Exercise instructions
Read the records beneath this task and copy every line that contains the string "Green".

Recorded data
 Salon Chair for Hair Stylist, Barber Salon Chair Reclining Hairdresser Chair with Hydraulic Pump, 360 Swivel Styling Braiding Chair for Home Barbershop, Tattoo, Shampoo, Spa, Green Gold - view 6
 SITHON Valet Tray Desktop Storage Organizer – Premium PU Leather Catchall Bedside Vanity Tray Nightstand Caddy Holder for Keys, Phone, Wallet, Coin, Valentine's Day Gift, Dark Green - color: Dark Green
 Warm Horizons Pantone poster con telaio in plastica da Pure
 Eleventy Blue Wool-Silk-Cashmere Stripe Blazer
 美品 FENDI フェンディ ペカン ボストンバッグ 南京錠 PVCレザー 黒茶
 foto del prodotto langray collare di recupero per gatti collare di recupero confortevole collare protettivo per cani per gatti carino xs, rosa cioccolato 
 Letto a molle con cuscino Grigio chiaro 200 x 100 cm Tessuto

Answer below
 Salon Chair for Hair Stylist, Barber Salon Chair Reclining Hairdresser Chair with Hydraulic Pump, 360 Swivel Styling Braiding Chair for Home Barbershop, Tattoo, Shampoo, Spa, Green Gold - view 6
 SITHON Valet Tray Desktop Storage Organizer – Premium PU Leather Catchall Bedside Vanity Tray Nightstand Caddy Holder for Keys, Phone, Wallet, Coin, Valentine's Day Gift, Dark Green - color: Dark Green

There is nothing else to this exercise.